**WORK REQUEST**
When you reach the line with "2nd image of 903 Metropolitan Ave APT 2R" in the listing below, write out that line and every one after it exactly, and skip the pictures.

**DATA UNDER STUDY**

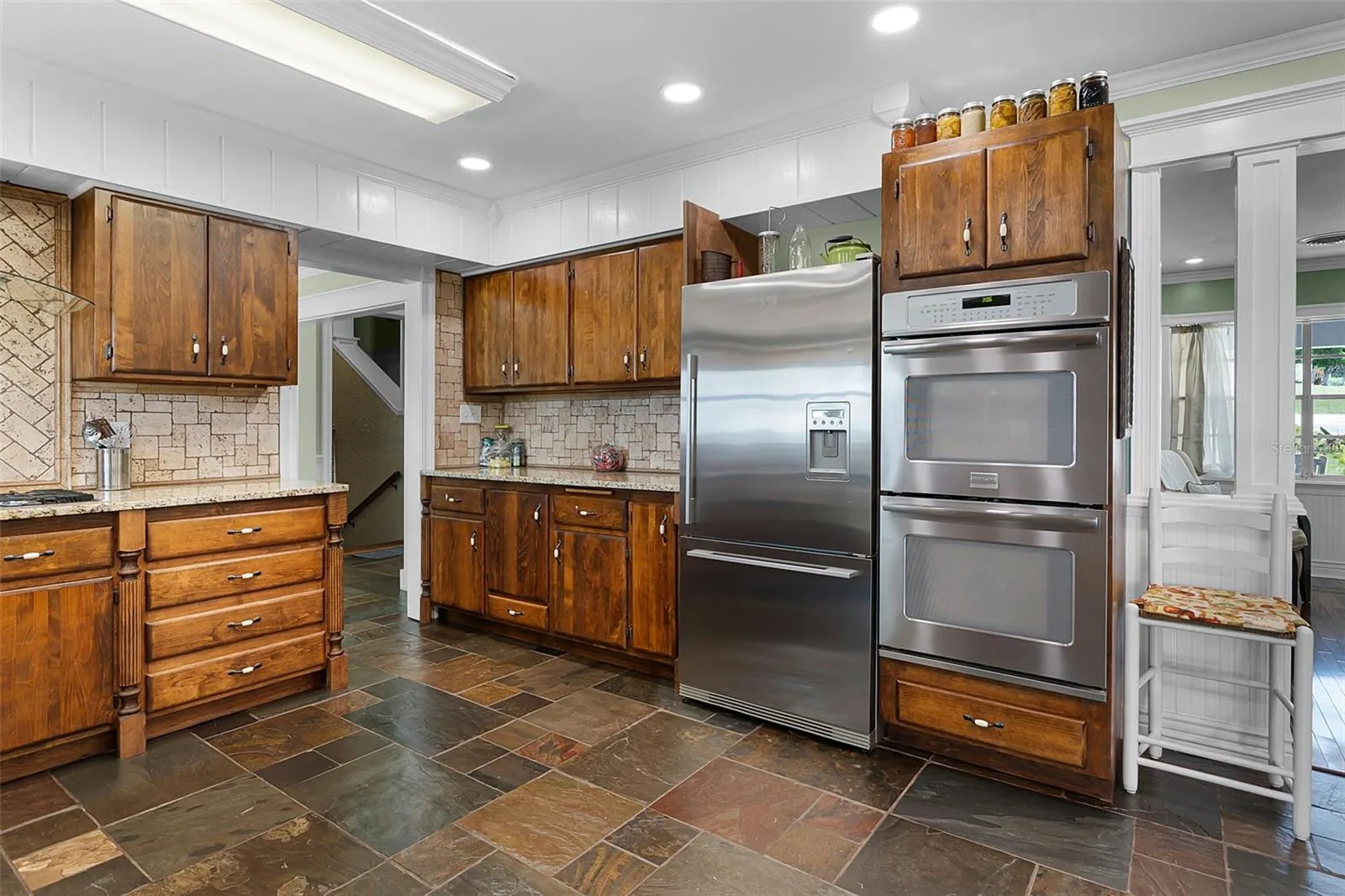 1041 SUNSET DR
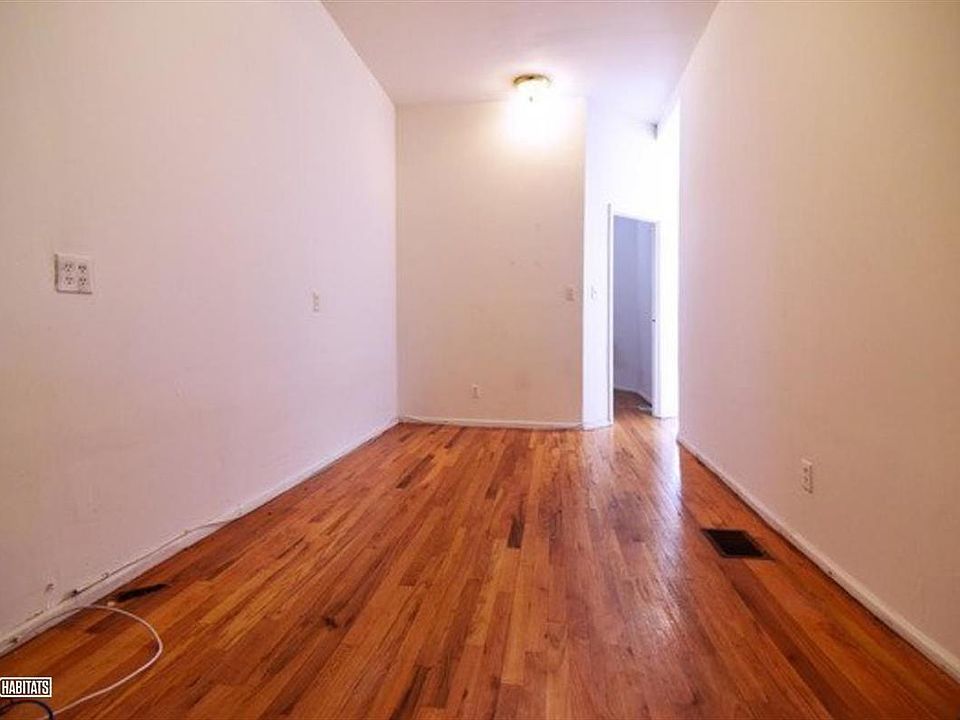 2nd image of 903 Metropolitan Ave APT 2R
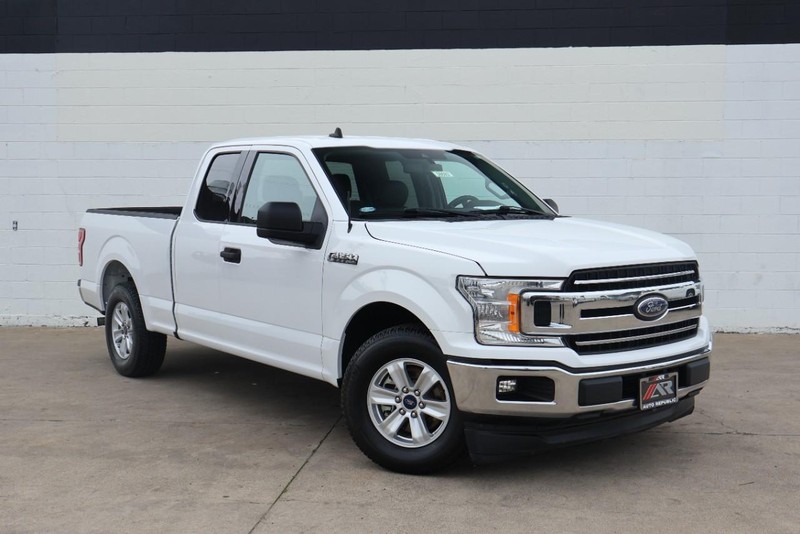 Ford F-150 Vehicle Full-screen Gallery Image 02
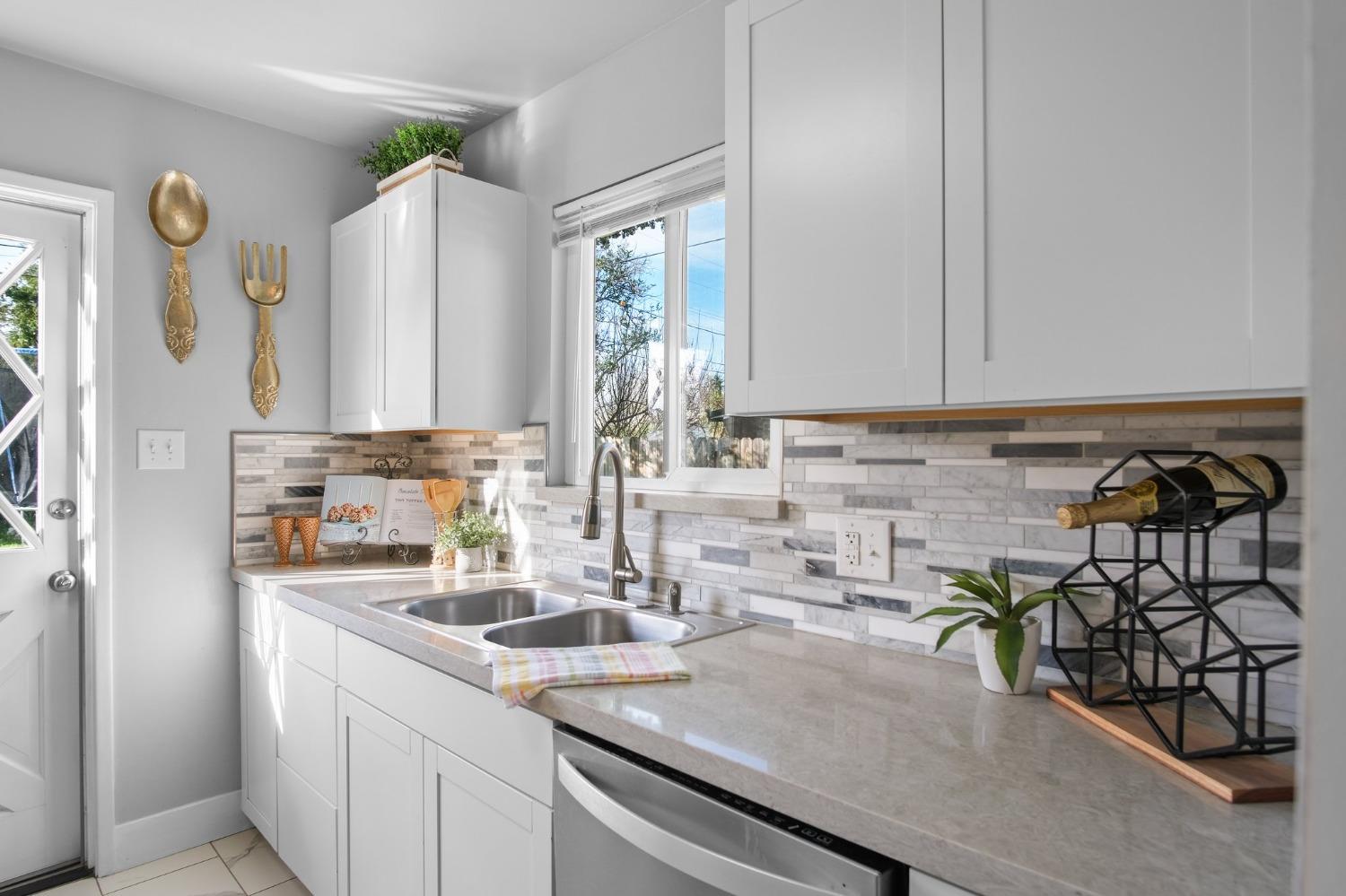 1627 Almador Terrace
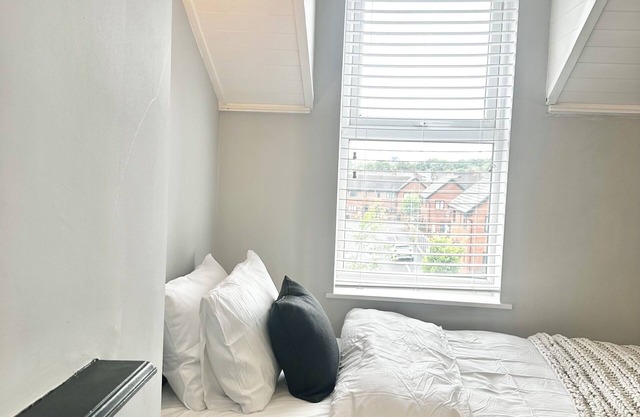 Victorian Stay - Stay with us at our centrally located Salford townhouse.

**RESULT FOR THIS TASK**
 2nd image of 903 Metropolitan Ave APT 2R
 Ford F-150 Vehicle Full-screen Gallery Image 02
 1627 Almador Terrace
 Victorian Stay - Stay with us at our centrally located Salford townhouse.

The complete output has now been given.